_Task instructions_
Copy the data that appears below exactly. Drop the pictures.

[Short text fragments from websites]
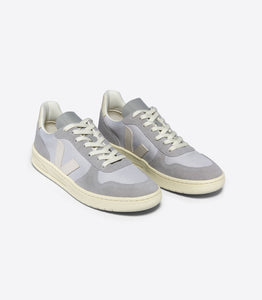 VEJA V-10 Alveomesh Light Grey Pierre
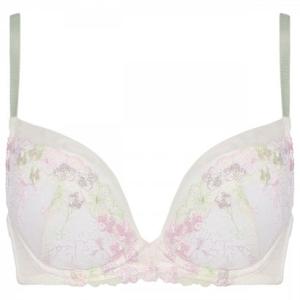 アモスタイル バイ トリンプ AMOSTYLE BY Triumph Daily AMOSTYLE 寄せブラ ブラ＆ショーツセット キューティーブロッ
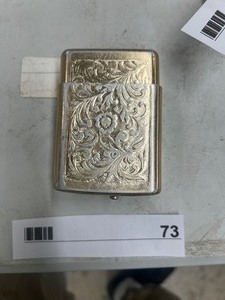 lot 73 image: VINTAGE CIGARETTE CASE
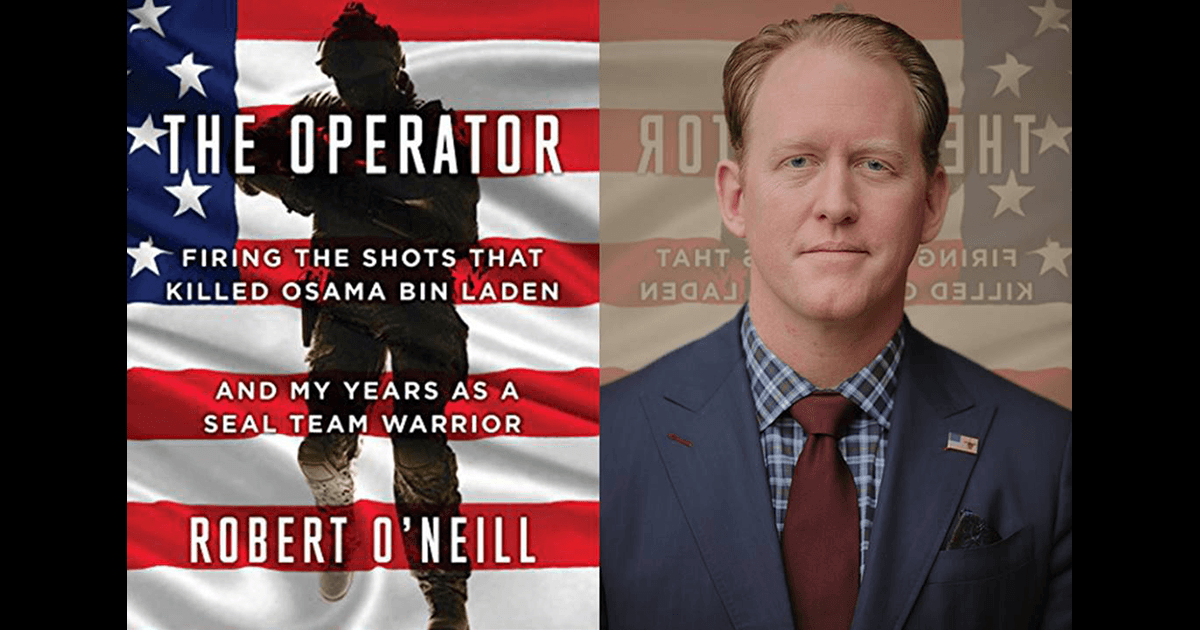 Episode 33 - Rob O’Neill, The Man Who Killed Bin Laden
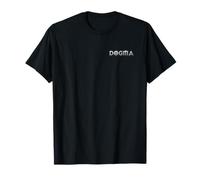 Dogma Prepare Thyself Silver Pocket Logo Front & Back Maglietta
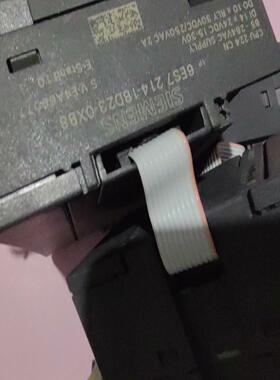 现拆机的西门子PLC型号是6ES7，214.一1BD23一0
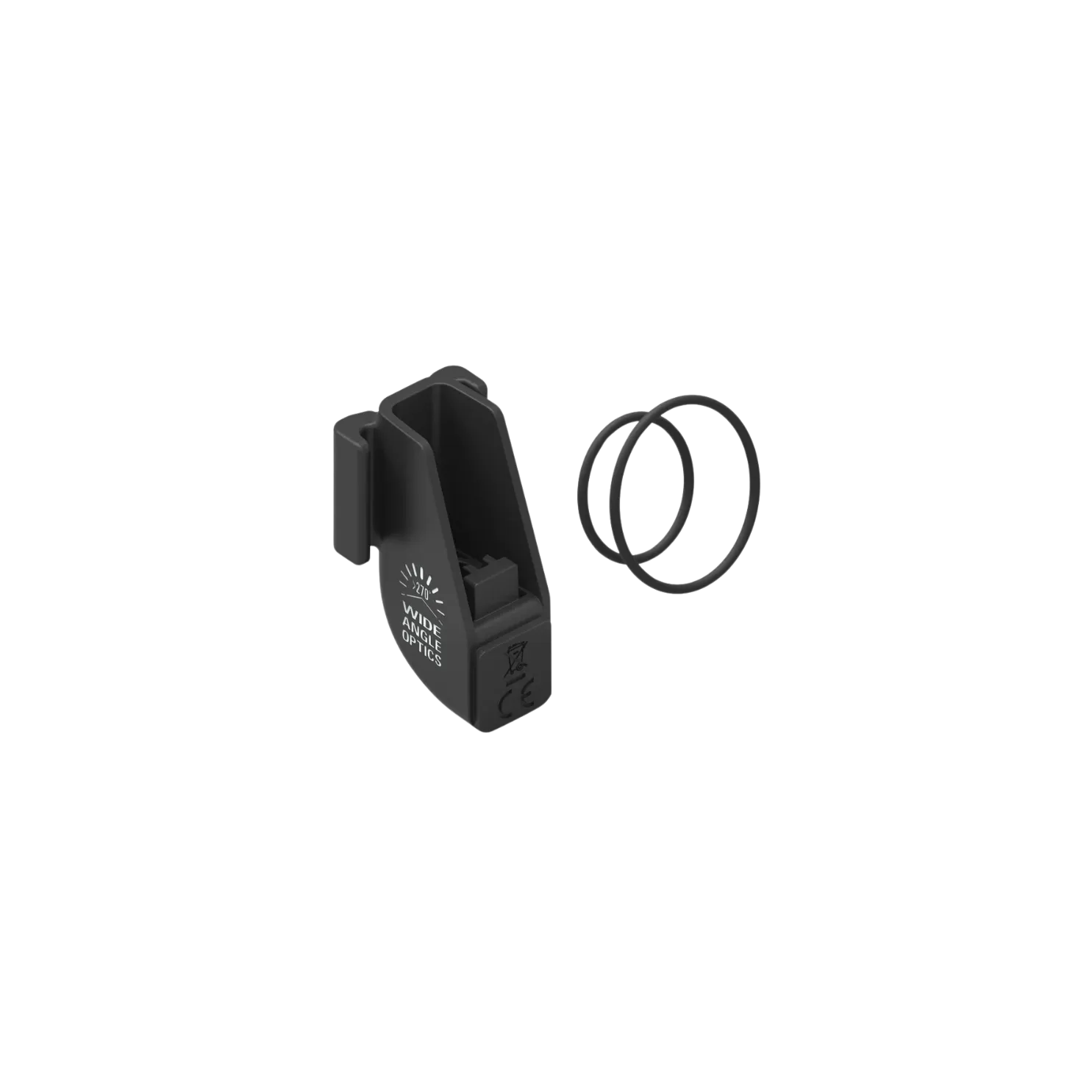 Lezyne Magnetic Led Mount - Suits Led Stick Drive, Inc O-Ring Set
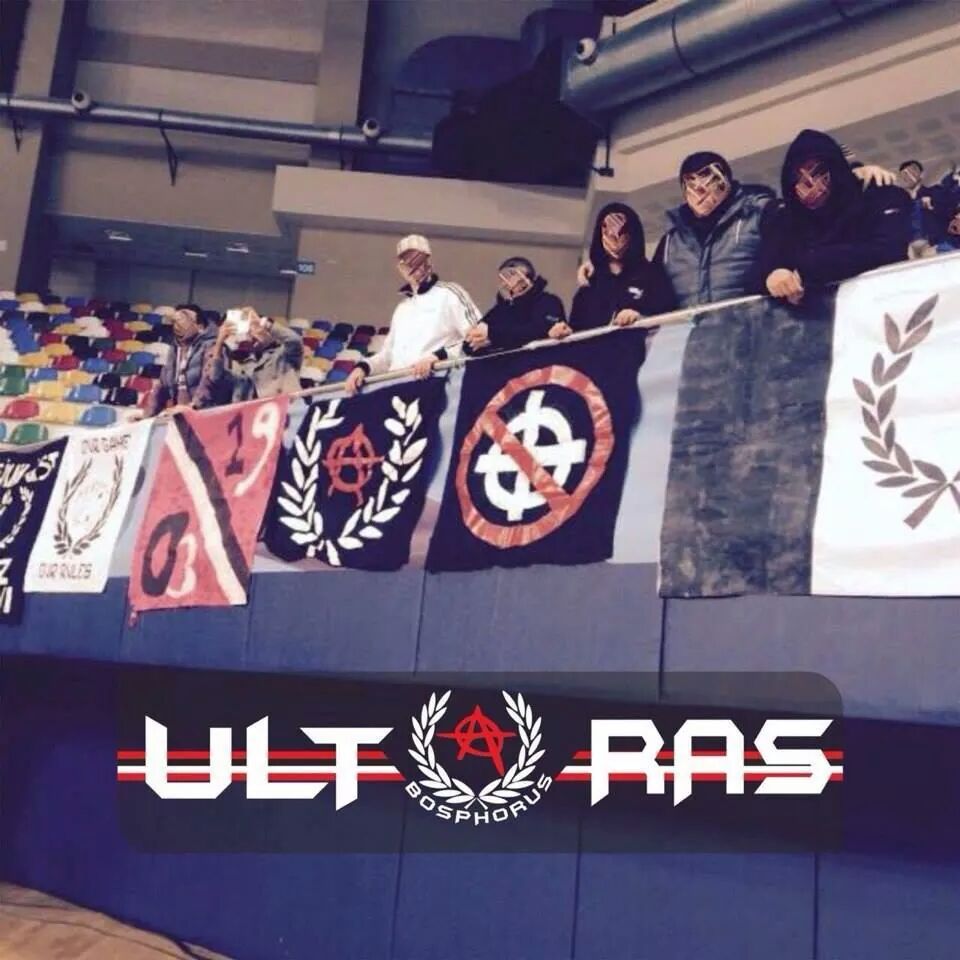 FOTO | Amatör branşlar #Beşiktaş tribünü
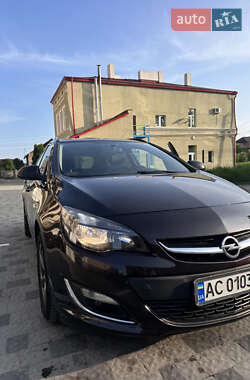 Універсал Opel Astra 2013 в 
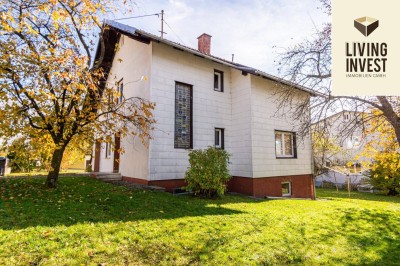 Liebevoll erhaltenes Einfamilienhaus mit unschlagbarer Infrastruktur zwischen Grieskirchen und Bad Schallerbach!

_Written response_
 VEJA V-10 Alveomesh Light Grey Pierre
 アモスタイル バイ トリンプ AMOSTYLE BY Triumph Daily AMOSTYLE 寄せブラ ブラ＆ショーツセット キューティーブロッ
 lot 73 image: VINTAGE CIGARETTE CASE
 Episode 33 - Rob O’Neill, The Man Who Killed Bin Laden
 Dogma Prepare Thyself Silver Pocket Logo Front & Back Maglietta
 现拆机的西门子PLC型号是6ES7，214.一1BD23一0
 Lezyne Magnetic Led Mount - Suits Led Stick Drive, Inc O-Ring Set
 FOTO | Amatör branşlar #Beşiktaş tribünü
 Універсал Opel Astra 2013 в 
 Liebevoll erhaltenes Einfamilienhaus mit unschlagbarer Infrastruktur zwischen Grieskirchen und Bad Schallerbach!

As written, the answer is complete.